Indictment, cellphone data upheld
Eichenwald on Friday upheld another search warrant authorized by Judge Robert Macaulay for St. John's cellphone location data during the time of the alleged crimes. The judge rejected a defense claim that there was insufficient showing for how the data related to suspected criminal activity.
"In this matter, police did not seek to examine data contained on the phone itself, but the (location data) associated with his cellphone number collected by Verizon," Eichenwald noted. "Detective Baker stated that (location data) would assist in establishing a timeline and corroborating information obtained during his investigation."
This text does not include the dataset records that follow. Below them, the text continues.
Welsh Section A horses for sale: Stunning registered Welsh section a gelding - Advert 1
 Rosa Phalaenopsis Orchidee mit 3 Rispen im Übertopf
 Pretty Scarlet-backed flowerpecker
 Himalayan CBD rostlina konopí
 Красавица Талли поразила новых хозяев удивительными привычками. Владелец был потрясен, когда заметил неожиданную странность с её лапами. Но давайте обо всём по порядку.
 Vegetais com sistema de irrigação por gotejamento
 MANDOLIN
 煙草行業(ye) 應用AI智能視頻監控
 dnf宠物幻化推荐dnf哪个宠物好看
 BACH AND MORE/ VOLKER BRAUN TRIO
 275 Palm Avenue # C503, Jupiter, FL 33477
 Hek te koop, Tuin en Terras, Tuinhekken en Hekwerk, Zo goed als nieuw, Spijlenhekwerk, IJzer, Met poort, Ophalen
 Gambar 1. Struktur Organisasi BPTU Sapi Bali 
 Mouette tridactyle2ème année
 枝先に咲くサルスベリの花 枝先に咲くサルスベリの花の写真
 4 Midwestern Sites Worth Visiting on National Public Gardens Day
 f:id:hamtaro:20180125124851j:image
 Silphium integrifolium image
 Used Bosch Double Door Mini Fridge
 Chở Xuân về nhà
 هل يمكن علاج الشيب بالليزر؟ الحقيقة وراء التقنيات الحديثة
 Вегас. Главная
The judge also denied a defense bid to dismiss the indictment levied by a grand jury last October. The defense had cited a variety of alleged procedural errors and misconduct, claiming the panel was not properly screened for bias, that comments made by prosecutors unfairly implied that St. John was guilty and that erroneous instructions were provided on the elements of some offenses.
"None of the claimed errors or prosecutorial misconduct alone constituted prejudice," Eichenwald ruled. "Likewise, the cumulative effect of the errors or prosecutorial misconduct failed to operate to the defendant's prejudice by producing a biased jury. Defendant does not contend or argue that there was insufficient admissible evidence to support a finding of probable cause. Throughout the grand jury proceeding, both the court and the county attorney reminded the grand jurors of their independence."
St. John is charged with three counts of criminal sexual conduct with heinous elements and one count each of kidnapping, second-degree assault with a dangerous weapon and making threats of violence. He remains in the Carlton County Jail on $1 million bail.